String Encoding

There are a couple of different string encoding methods used in the different NBT formats.

The usual string encoding scheme is called UTF-8.

Bedrock Edition uses UTF-8 to encode strings but has been known to store non-UTF-8 byte sequences in TAG_String fields.

Java Edition uses a modified version of UTF-8 implemented by the Java programming language.

In order to handle the various encoding schemes an encoder/decoder function can be specified when reading or saving binary NBT data.

The following functions are provided to give to the read/write functions.

amulet_nbt.utf8_decoder(b)[source]

Standard UTF-8 decoder

amulet_nbt.utf8_encoder(s)[source]

Standard UTF-8 encoder

amulet_nbt.utf8_escape_decoder(b)[source]

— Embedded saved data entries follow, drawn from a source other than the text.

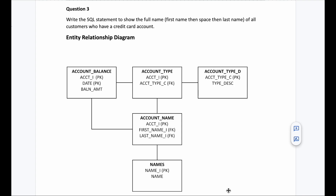Welcome back to another video on Crack Concepts. This is the third video where I am solving SQL interview queries — very important queries. Two videos are already up and a total of five videos are going to be up. If you're watching a little late and all five videos are already up, you'll find those links in the description box or in the comment section, so make sure to check them out.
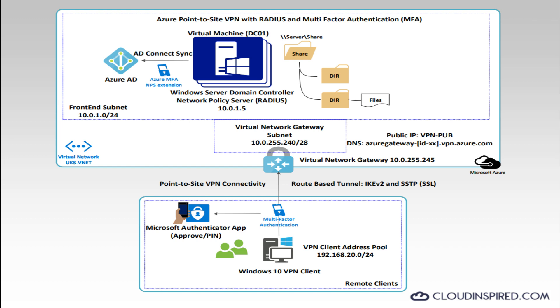This video explains how to set up and configure a point-to-site VPN gateway connection within Azure with RADIUS and multi-factor authentication, allowing a secure IPsec tunnel to be created from client devices to an Azure virtual network.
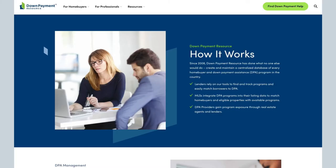The number one obstacle for most homebuyers is the down payment, but help is out there. Down Payment Resource, also known as DPR, connects homebuyers with the down payment help they need and provides tools for housing professionals to help them along the way. You may think of DPR as just an icon in the MLS, but they offer many tools to help guide your clients and potential clients to the dream of homeownership. First, let's talk about how you can be an advocate for fair and affordable housing by using the DPR resources available to you.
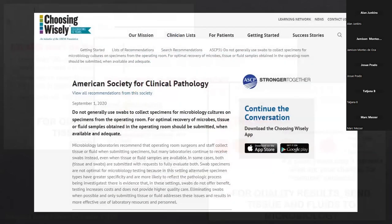There's official confirmation of this from the American Society of Clinical Pathology's Choosing Wisely campaign. They say: do not generally use swabs to collect specimens from microcultures and specimens from the operating room — including reasons like being more likely to be contaminated with normal flora and not having enough material on the swab.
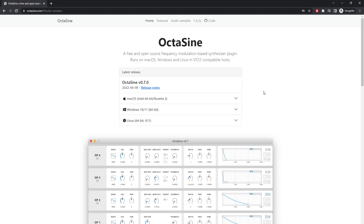Hello, this is Grinstar, and I found out about this little plugin called Octasign on Reddit. A new version came out, 0.70, for Mac, Windows, and Linux.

UTF-8 decoder that escapes error bytes to the form ␛xFF

amulet_nbt.utf8_escape_encoder(s)[source]

UTF-8 encoder that converts ␛x[0-9a-fA-F]{2} back to individual bytes

The mutf8 library is a third party library (not developed by us) used to encode and decode Modified UTF-8.

mutf8.decode_modified_utf8()[source]

Decodes a bytestring containing MUTF-8 as defined in section 4.4.7 of the JVM specification.

Parameters:

s – A byte/buffer-like to be converted.

Returns:

A unicode representation of the original string.

mutf8.encode_modified_utf8()[source]

Encodes a unicode string as MUTF-8 as defined in section 4.4.7 of the JVM specification.

Parameters:

u – Unicode string to be converted.

Returns:

The encoded string as a bytes object.